A proactive debate in education at the moment - indeed, one that verges on being a wind-up - is whether children still need to learn handwriting.

But it is a rather one-sided debate. Even though most adults in Britain today will write more on a keyboard than with a pen, few are willing to argue against it as a necessary skill for pupils.

A key argument for retaining handwriting lessons is the role they play in teaching pupils the very basics of reading and writing. By forming letters by hand, over and over again, children grow more accustomed to their shapes and functions. It is one of the oldest and most traditional forms of what now might be called kinaesthetic learning.

Yet there is a tendency for those outside schools to forget how hands-on a lot of learning is. In their imaginations, teaching is reduced to transmission, with pupils spending their entire time sitting quietly and absorbing knowledge from their teachers’ speeches, as if watching a lecture, or television.

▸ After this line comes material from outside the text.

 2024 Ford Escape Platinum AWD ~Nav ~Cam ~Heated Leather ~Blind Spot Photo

Professors Bill Lucas and Guy Claxton argue that most pupils, in fact, spend more than half their time in formal education learning in a hands-on way. The two professors are based at the University of Winchester in its Centre for Real-World Learning (an institution whose title alone is more than a little mischievous), and have recently been carrying out research on practical forms of learning for the qualifications body City and Guilds.

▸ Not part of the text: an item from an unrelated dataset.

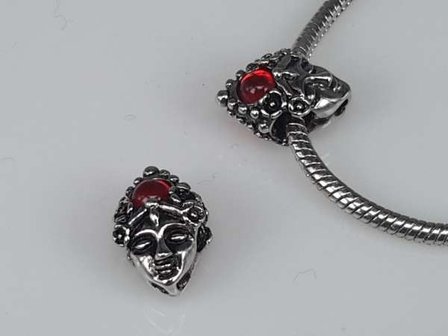 Zilverkleurige pandora style bedel: buddhahoofdje met rood shakra bolletje, per 6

Their article today is a sneak preview of that research, due to be published next month. Practical learning is not just part of BTECs in bricklaying and other vocational courses, they argue, but all learning.

Among the examples they give of good practice is the support given to the diver Tom Daley by his coach Andy Banks. The Olympic coach demonstrates many of the best qualities of the practical teacher, they write, including the way he has consciously shifted his role from “dictator” to “facilitator” as his charge has grown more adept on the high diving board.

Is that hands-on learning or feet-on learning? Actually, it doesn’t matter whether the lesson is on handwriting or backflips: let them roll up their sleeves and dive in.